The records Block Start
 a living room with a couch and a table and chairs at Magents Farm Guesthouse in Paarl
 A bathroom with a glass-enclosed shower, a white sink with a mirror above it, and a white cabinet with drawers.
The records Block End
The records Block Start
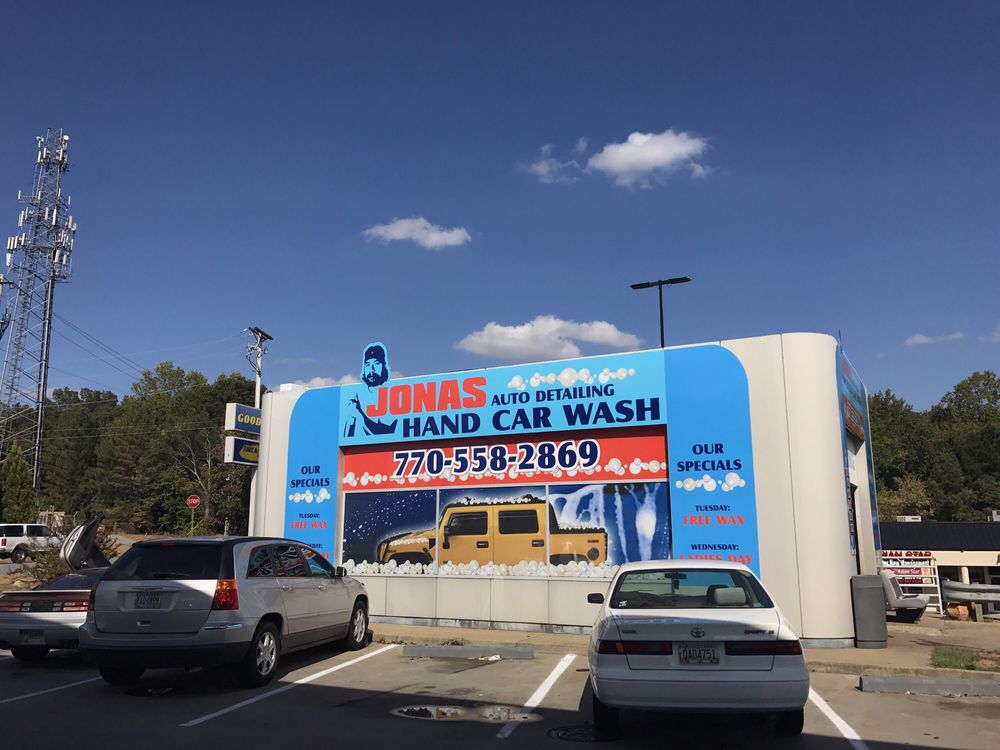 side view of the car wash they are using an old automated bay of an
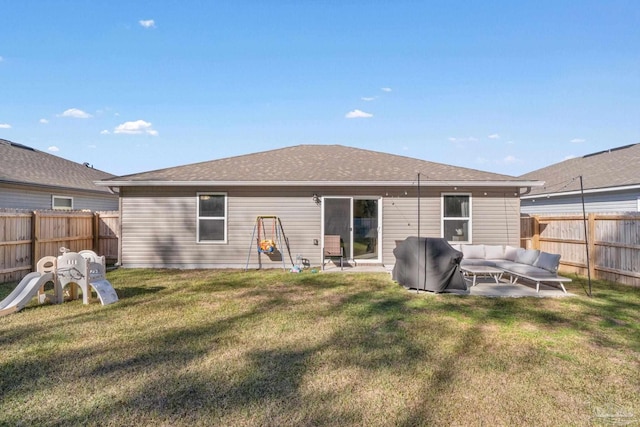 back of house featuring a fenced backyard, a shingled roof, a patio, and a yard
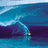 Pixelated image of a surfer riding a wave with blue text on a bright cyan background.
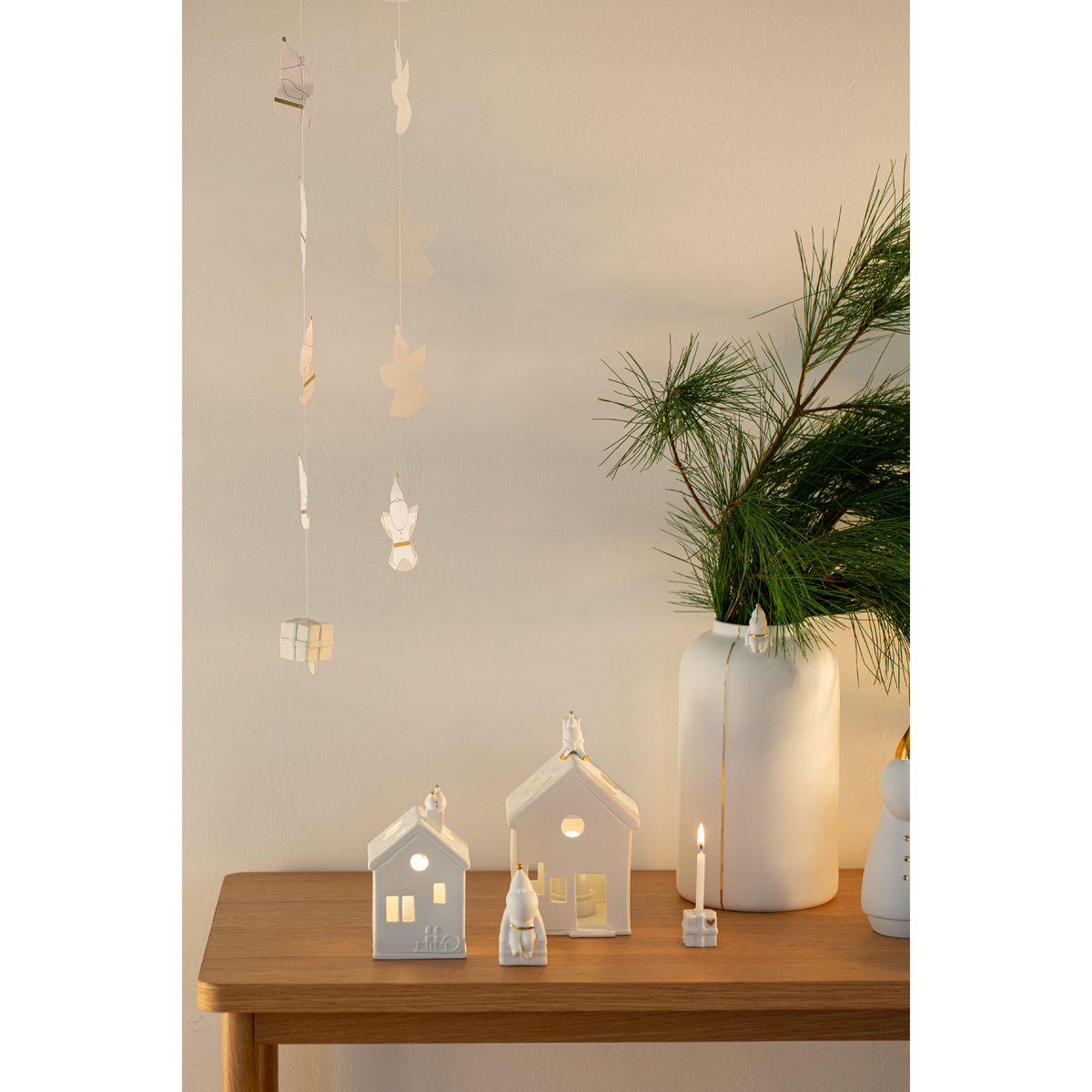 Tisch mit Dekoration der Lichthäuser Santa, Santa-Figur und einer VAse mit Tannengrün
The records Block End
**Work required**
Starting at the line with "side view of" and finishing at the line with "Tisch mit Dekoration", copy the material above exactly, both lines included. Nothing else goes in, and no pictures.

**Solution below**
 side view of the car wash they are using an old automated bay of an
 back of house featuring a fenced backyard, a shingled roof, a patio, and a yard
 Pixelated image of a surfer riding a wave with blue text on a bright cyan background.
 Tisch mit Dekoration der Lichthäuser Santa, Santa-Figur und einer VAse mit Tannengrün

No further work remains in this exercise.